**Action item:** An exact copy of the entries below is needed, with every picture left out.

**Data provided:**
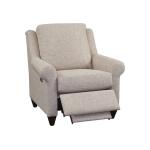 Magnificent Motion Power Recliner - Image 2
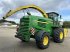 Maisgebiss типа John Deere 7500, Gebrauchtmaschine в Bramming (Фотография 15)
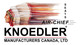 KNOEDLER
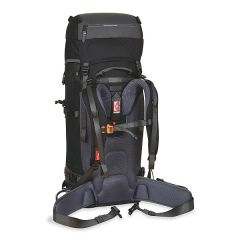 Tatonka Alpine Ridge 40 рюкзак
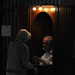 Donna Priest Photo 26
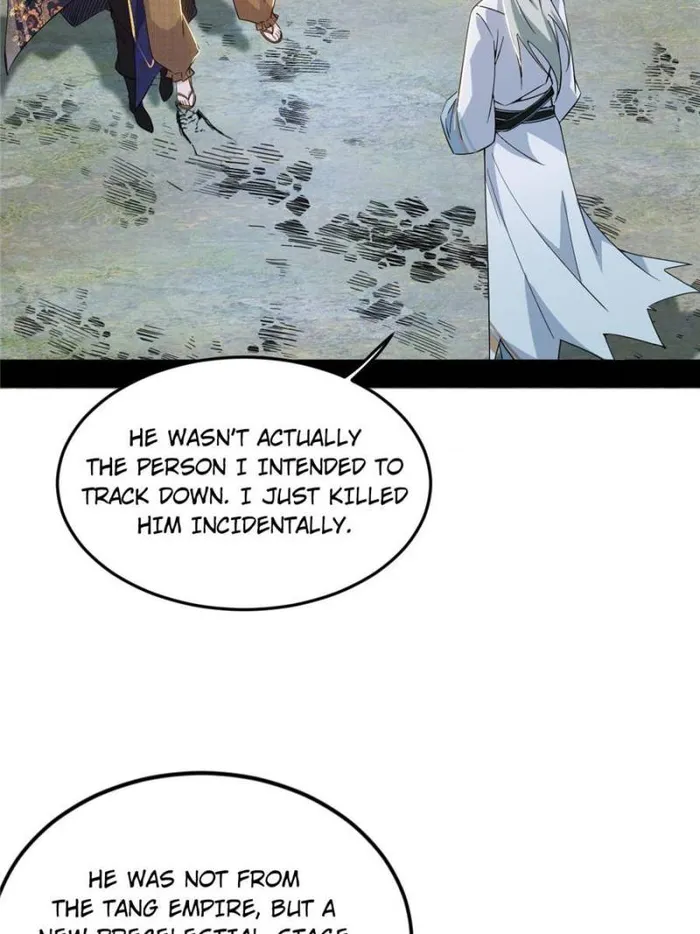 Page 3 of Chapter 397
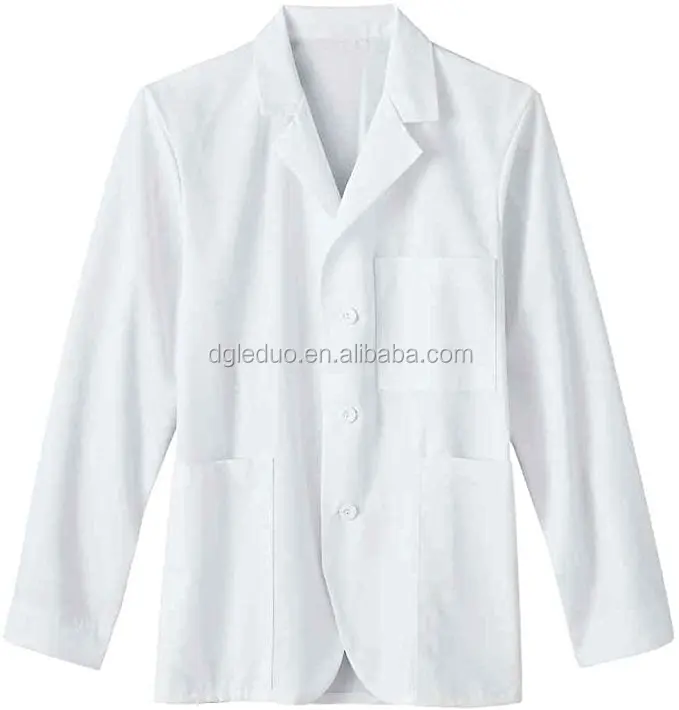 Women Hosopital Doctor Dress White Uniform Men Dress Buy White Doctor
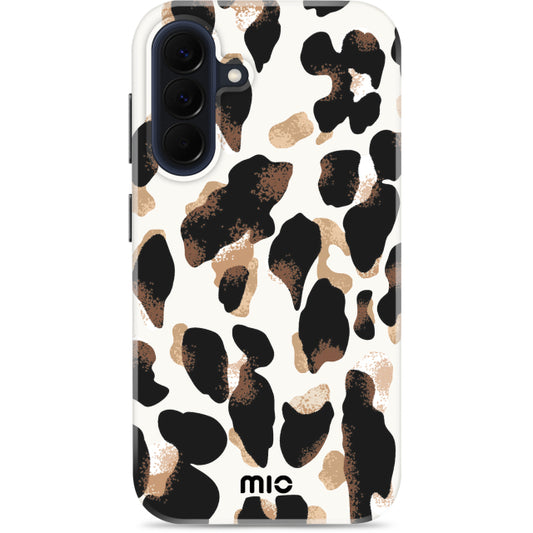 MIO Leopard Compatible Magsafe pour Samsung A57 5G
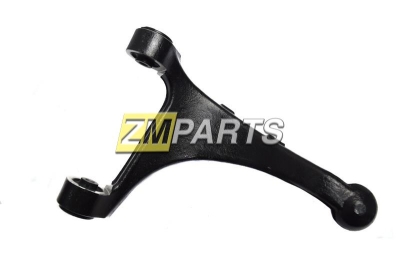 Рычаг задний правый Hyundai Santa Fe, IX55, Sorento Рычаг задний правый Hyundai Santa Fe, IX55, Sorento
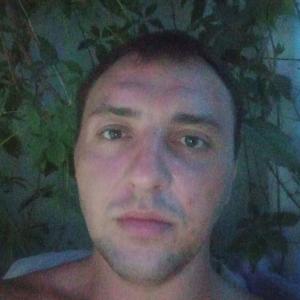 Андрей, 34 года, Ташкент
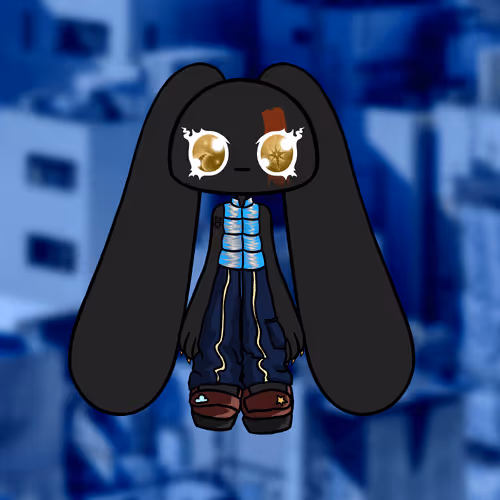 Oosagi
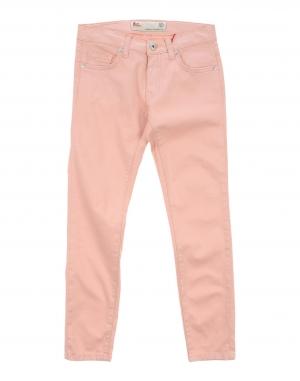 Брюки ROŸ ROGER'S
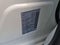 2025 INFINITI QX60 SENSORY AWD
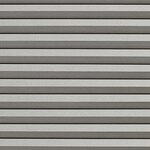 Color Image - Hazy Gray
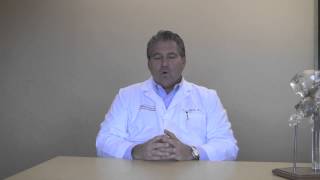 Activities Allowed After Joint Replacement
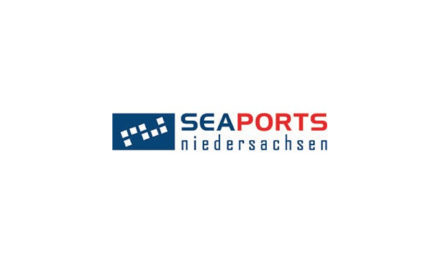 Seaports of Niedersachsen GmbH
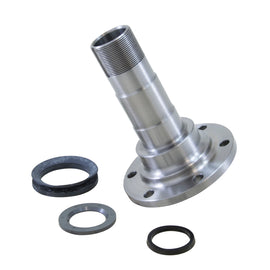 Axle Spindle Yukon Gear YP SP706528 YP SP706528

**Response below:**
 Magnificent Motion Power Recliner - Image 2
 Maisgebiss типа John Deere 7500, Gebrauchtmaschine в Bramming (Фотография 15)
 KNOEDLER
 Tatonka Alpine Ridge 40 рюкзак
 Donna Priest Photo 26
 Page 3 of Chapter 397
 Women Hosopital Doctor Dress White Uniform Men Dress Buy White Doctor
 MIO Leopard Compatible Magsafe pour Samsung A57 5G
 Рычаг задний правый Hyundai Santa Fe, IX55, Sorento Рычаг задний правый Hyundai Santa Fe, IX55, Sorento
 Андрей, 34 года, Ташкент
 Oosagi
 Брюки ROŸ ROGER'S
 2025 INFINITI QX60 SENSORY AWD
 Color Image - Hazy Gray
 Activities Allowed After Joint Replacement
 Seaports of Niedersachsen GmbH
 Axle Spindle Yukon Gear YP SP706528 YP SP706528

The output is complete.